A dinâmica do Rito da Comunhão – aqui se trata de todo o contexto do Rito e que comentaremos a seguir – tem a força de estabelecer laços de unidade, comunhão e partilha: o “nós”, muito presente nas orações, ganha expressão comunitária; o abraço que damos uns aos outros estabelece um vínculo de paz e fraternidade; e o comer do Cordeiro imolado, a refeição festiva em memória do Mistério Pascal de Cristo, é a expressão maior “do ser Igreja”, vínculo entre os participantes e aquele que os convidou, Deus (TABORDA, 2015, p. 265ss).

O Rito da Comunhão em si

De toda a celebração eucarística, um ponto se faz referência e conduz o fiel à comunhão com o Senhor: o Rito da Comunhão.

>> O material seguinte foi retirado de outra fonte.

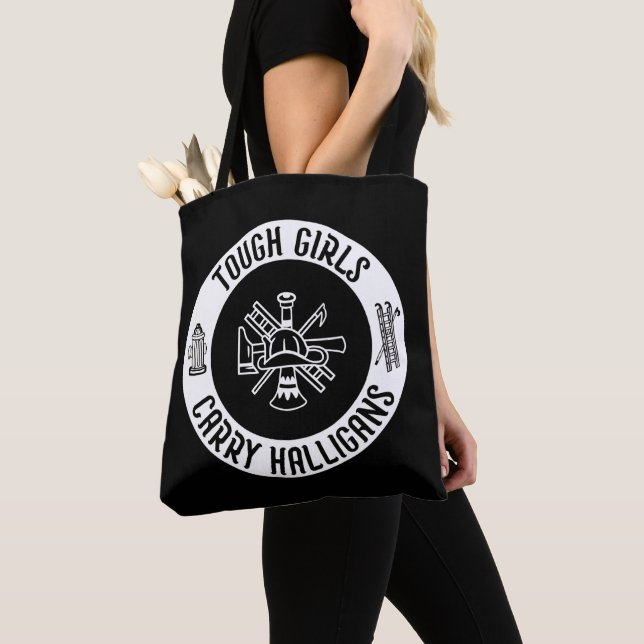 Tote Bag Pompier féminin Filles toux portent des halligans (De près)
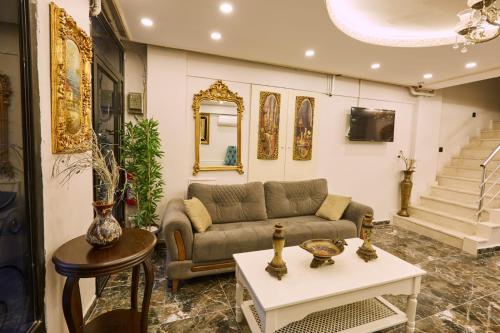 Laluna Hotel Near Grand Bazaar City Center 3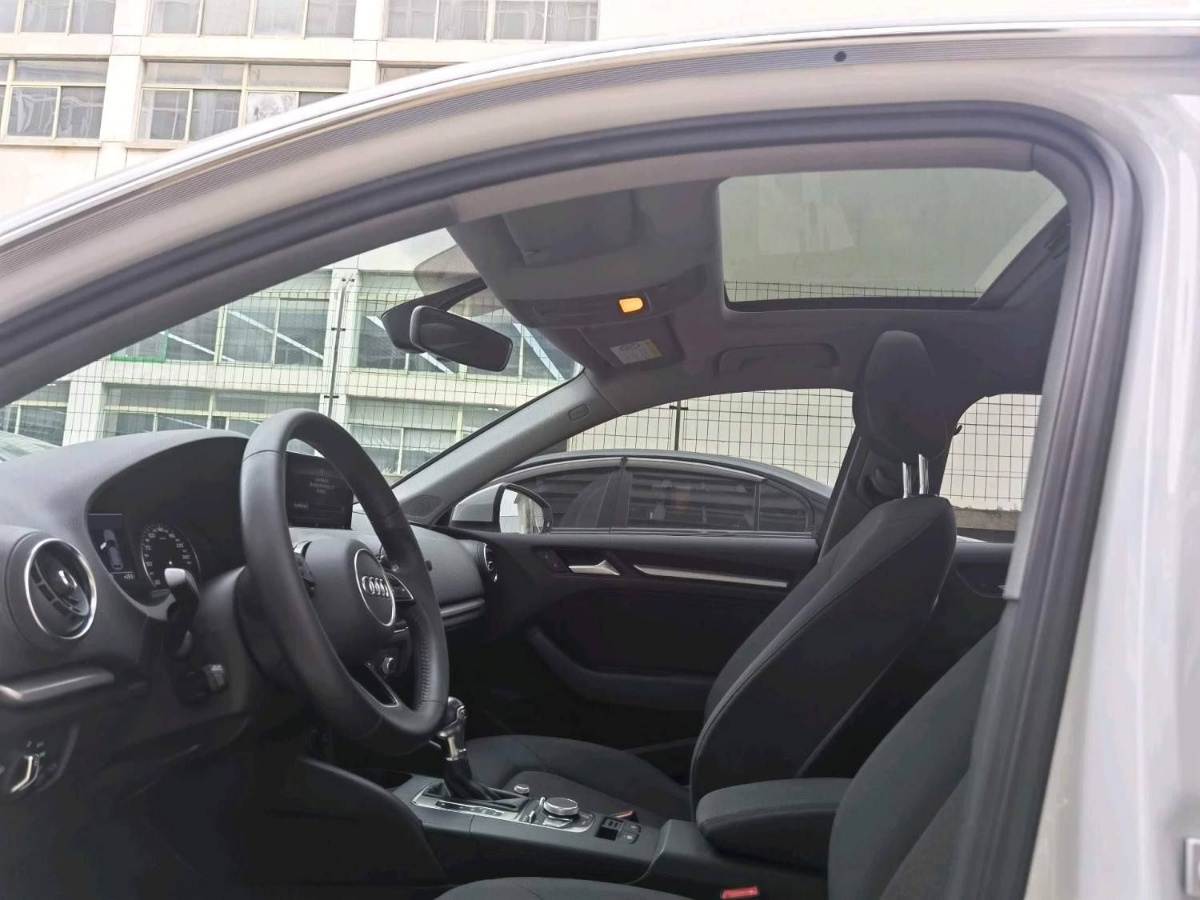 Audi A3 2020 immagine di auto #6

Nele a liturgia do Concílio Vaticano II estabelece quatro momentos principais: o convite à Oração do Senhor, o Pai-nosso; o Rito da Paz; a Fração do Pão e a Comunhão.

A Oração do Senhor é a oração que Jesus ensinou. E “obedientes à Palavra do Salvador e formados por seu divino ensinamento” (MR p. 500) somos convidados a rezar a oração que os Padres da Igreja a tinham considerada uma oração de comunhão, devido ao teor eucarístico do “pão nosso de cada dia”. Esta oração “condensa a oração cristã”, pois abrange todos os pedidos necessários que o povo de Deus dirige ao Pai. Com uma postura orante, de pé e de braços abertos, o presidente e a comunidade irmanam-se em comunhão – não se dirigi ao Pai como “meu Pai”, mas Pai nosso – e, confiantes, suplicam ao Pai providente, colocam-se em seu colo e dispõe-se ao seu Reino ao fazer as sete petições, conforme o ensino de Jesus narrado no Evangelho de Mateus (Mt 6, 5-15): “Santificado seja o vosso nome;” “venha a nós o vosso reino,” “seja feita a vossa vontade, assim na terra como no céu;” “o pão nosso de cada dia nos dai hoje;” “perdoai-nos as nossas ofensas, assim como nós perdoamos a quem nos tem ofendido;” “e não nos deixeis cair em tentação,” “mas livrai-nos do mal”.

O embolismo – acrescentar, introduzir alguma coisa – em seguida a oração do Pai-nosso, rezada pelo sacerdote, o “Livrai-nos de todos os males, ó Pai”, amplia o último pedido do Pai-nosso: “livrai-nos do mal” e pede para que toda comunidade seja libertada do poder do mal. Em seguida a comunidade encerra com a doxologia: “Vosso é o reino”.

O embolismo estabelece uma ligação entre a oração dominical, ou seja, a Oração do Senhor (CIC 2765), e o Rito da Paz.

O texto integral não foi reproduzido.